_Available data_
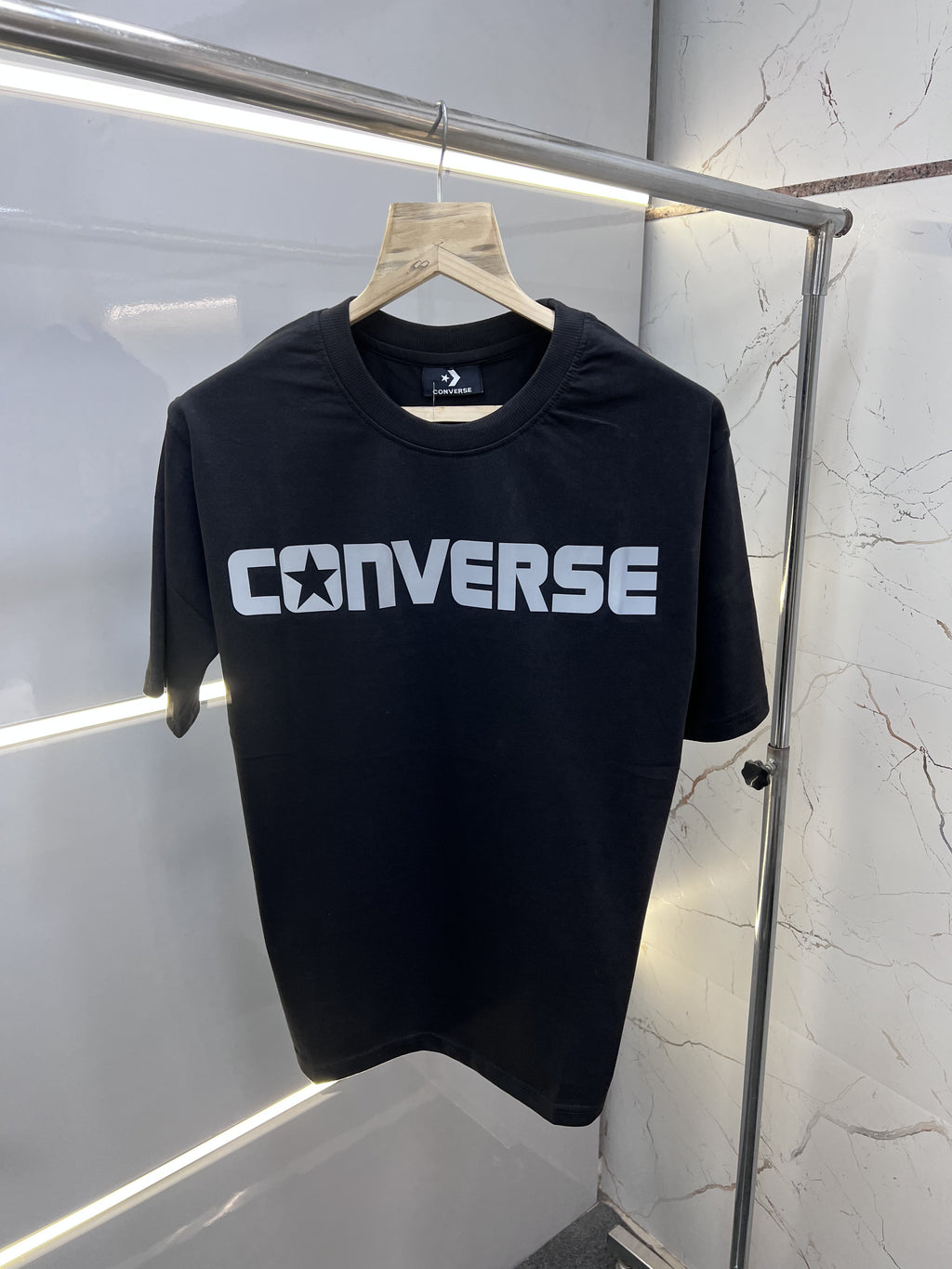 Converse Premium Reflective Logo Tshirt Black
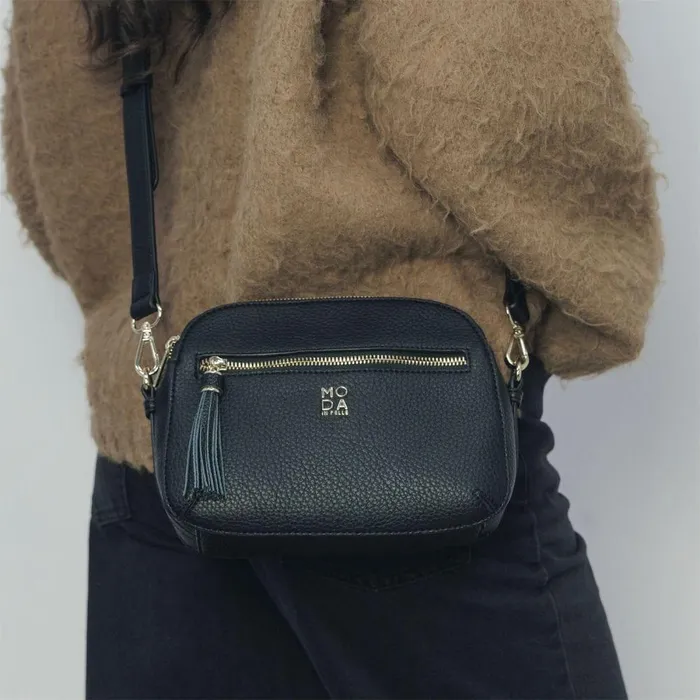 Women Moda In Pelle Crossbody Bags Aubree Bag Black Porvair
* * *
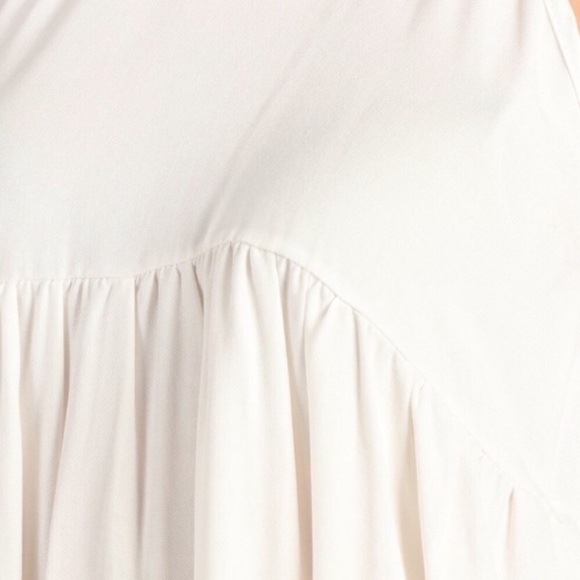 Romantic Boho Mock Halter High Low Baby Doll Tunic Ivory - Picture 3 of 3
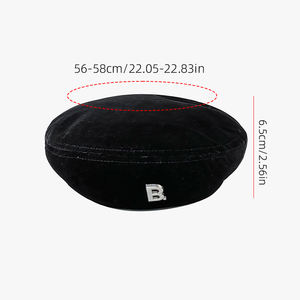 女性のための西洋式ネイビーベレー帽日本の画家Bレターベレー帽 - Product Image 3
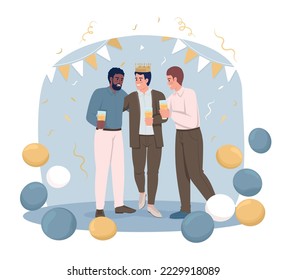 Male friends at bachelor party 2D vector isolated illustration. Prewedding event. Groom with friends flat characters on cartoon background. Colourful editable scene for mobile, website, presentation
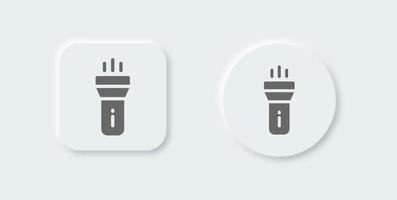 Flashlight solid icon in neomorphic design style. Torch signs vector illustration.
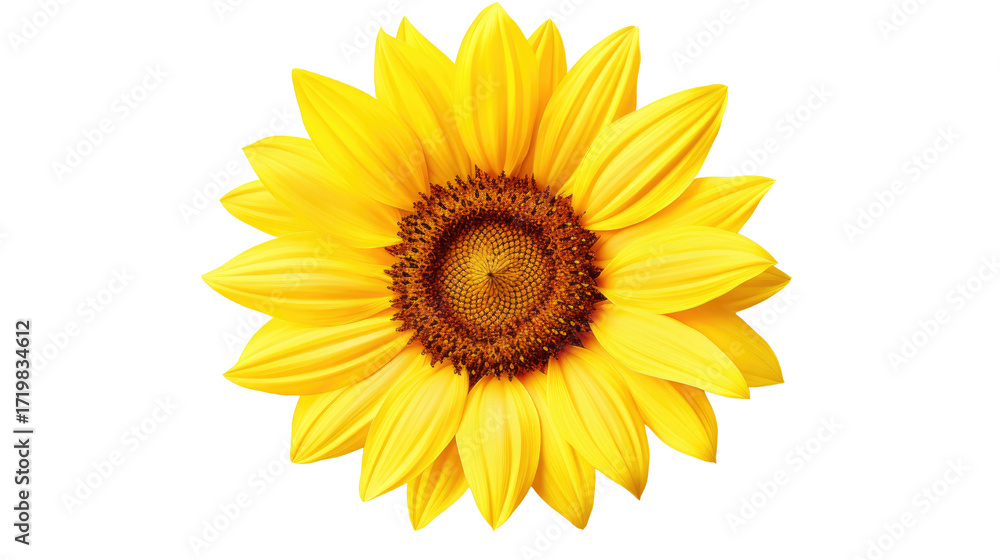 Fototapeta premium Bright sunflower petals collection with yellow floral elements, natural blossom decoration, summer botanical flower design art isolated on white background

_Activity_
Could you output exactly the lines above, from the line with "Converse Premium Reflective" up to and including the line with "Women Moda In", and nothing else, skipping the pictures?

_Worked solution_
 Converse Premium Reflective Logo Tshirt Black
 Women Moda In Pelle Crossbody Bags Aubree Bag Black Porvair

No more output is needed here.